__Task item__
Retype each entry exactly. Skip any pictures.

__Short descriptive text snippets__
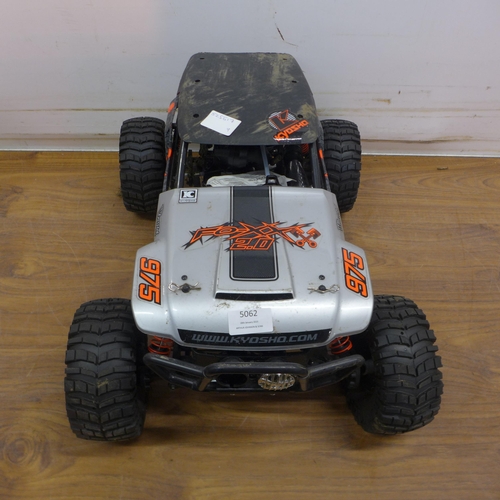 5062 - A Kyosho FO-XX 2.0 975 remote controlled car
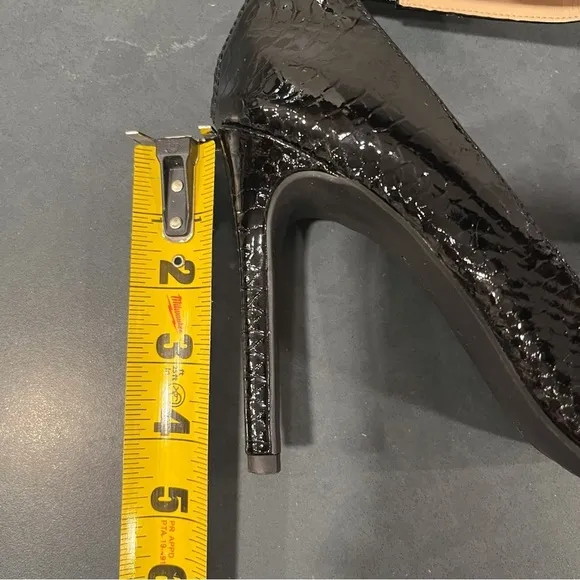 Gianni Bini sz 7.5 black patent leather high ankle strappy stiletto heels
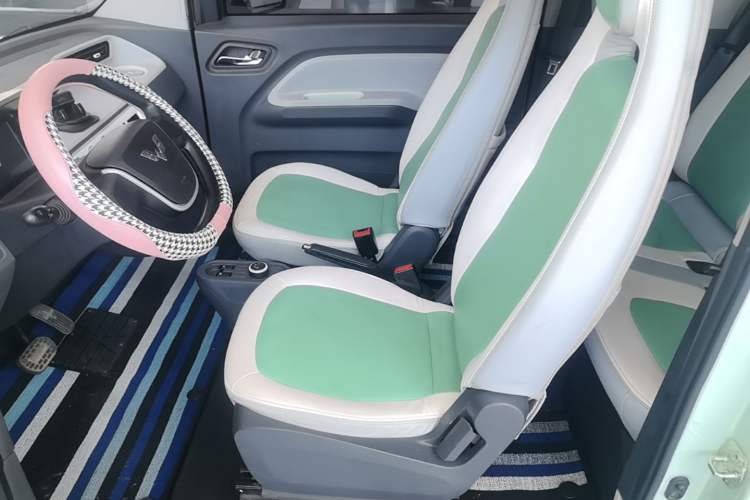 Used Wuling Hongguang MINIEV 2021 Macaron Premium Model – Lithium Iron Phosphate Left Front Seat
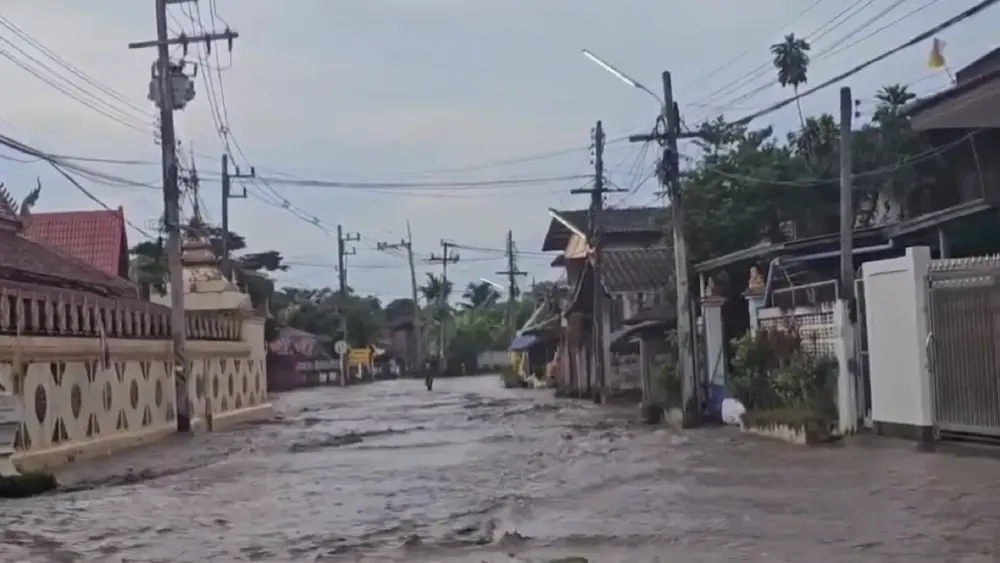 อ่วม! น้ำป่าดอยขุนตาลซัดลำปางจม ชาวบ้านโอดท่วมซ้ำซากทุกปี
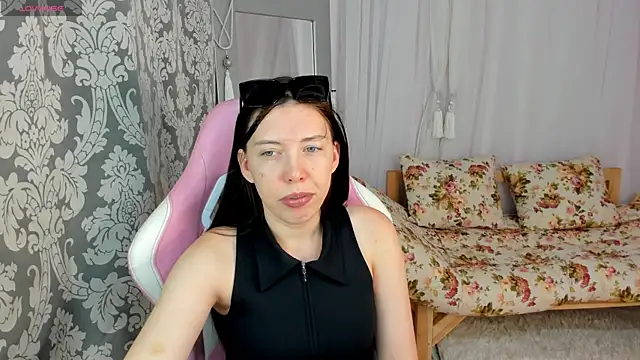 Snapshot of Sandra_Ross chatting on July 2026 04:52:02 AM Sandra Ross online show from July 2026 04:52:02 AM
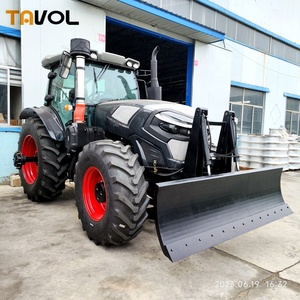 Tractor Agrícola TAVOL de 260hp 4WD con Motor, Caja de Cambios y Bomba para Agricultura - Product Image 3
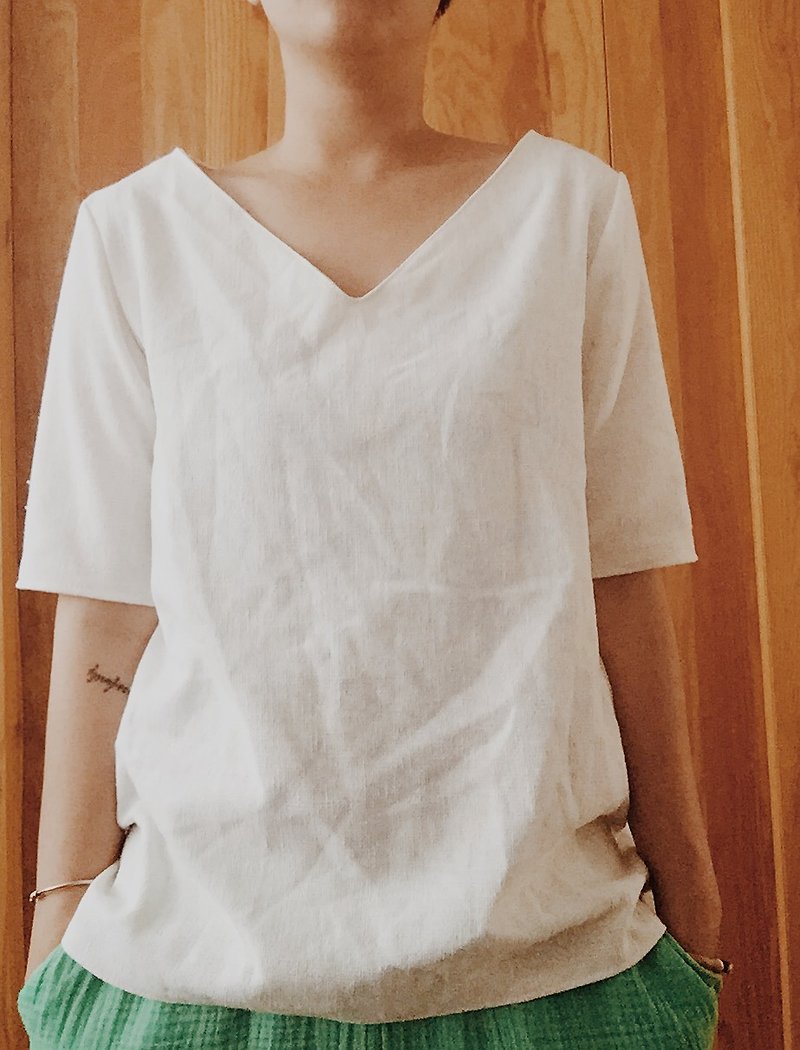 涼夏的陽光 純麻天然苧麻  V領五分袖天然手作服 - 女上衣/長袖上衣 - 其他材質 白色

__Answer to this exercise__
 5062 - A Kyosho FO-XX 2.0 975 remote controlled car
 Gianni Bini sz 7.5 black patent leather high ankle strappy stiletto heels
 Used Wuling Hongguang MINIEV 2021 Macaron Premium Model – Lithium Iron Phosphate Left Front Seat
 อ่วม! น้ำป่าดอยขุนตาลซัดลำปางจม ชาวบ้านโอดท่วมซ้ำซากทุกปี
 Snapshot of Sandra_Ross chatting on July 2026 04:52:02 AM Sandra Ross online show from July 2026 04:52:02 AM
 Tractor Agrícola TAVOL de 260hp 4WD con Motor, Caja de Cambios y Bomba para Agricultura - Product Image 3
 涼夏的陽光 純麻天然苧麻  V領五分袖天然手作服 - 女上衣/長袖上衣 - 其他材質 白色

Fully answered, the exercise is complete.